45. TPSGC a soutenu que la plus grande partie, sinon la totalité de la « preuve de partialité » n’a aucun lien avec la décision de déclarer la proposition financière d’Equinox non conforme. Abordée de façon réaliste et concrète, les « éléments de preuve de partialité » n’amèneraient pas une personne bien informée à conclure que la décision de déclarer la proposition financière d’Equinox non conforme était sous-tendue par des motifs de partialité. Il a soutenu que les circonstances dans lesquelles la décision en cause a été prise ne justifient pas une crainte raisonnable de partialité.

46. Dans le dossier no PR-2002-07017 , le Tribunal a abordé la question de la crainte raisonnable de partialité. Dans son exposé des motifs, le Tribunal a invoqué l’arrêt Cougar Aviation Ltd. c. Canada 18 , dans lequel la Cour d’appel fédérale avait conclu que, aux termes de l’ACI, « [...] la compétence du Tribunal pour statuer sur une plainte n’était pas limitée aux plaintes de partialité réelle, mais incluait celles portant sur des allégations de crainte raisonnable de partialité [...] ».

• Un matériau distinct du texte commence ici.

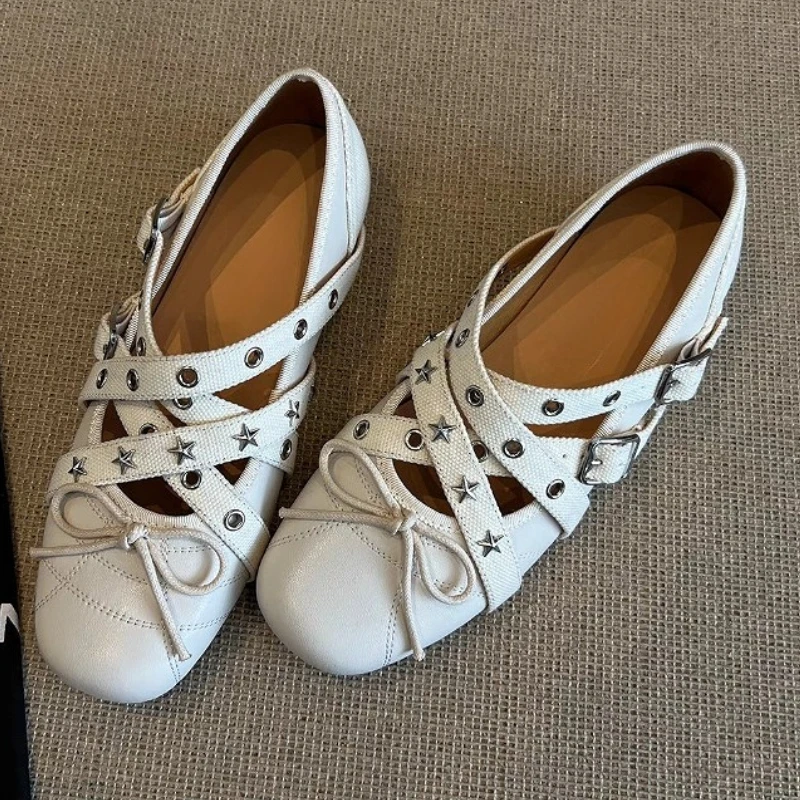 

Retro Metal Decoration Flat Mary Jane Shoes Women Comfort Soft Sole Casual Shoes Bowknot Belt Buckle Ballet Style Women Shoes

47. Le critère appliqué par le Tribunal pour déterminer si les circonstances de l’espèce donnaient lieu à une crainte raisonnable de partialité est celui énoncé dans l’opinion dissidente du juge de Grandpré dans Committee for Justice and Liberty c. L’Office national de l’énergie 19 , critère qui a été confirmé par la Cour suprême du Canada dans Bell Canada c. Association canadienne des employés de téléphone 20 , laquelle opinion dissidente stipulait ce qui suit :

[...] à quelle conclusion en arriverait une personne bien renseignée qui étudierait la question en profondeur, de façon réaliste et pratique. Croirait-elle que, selon toute vraisemblance, [cette personne], consciemment ou non, ne rendra[it] pas une décision juste21 ?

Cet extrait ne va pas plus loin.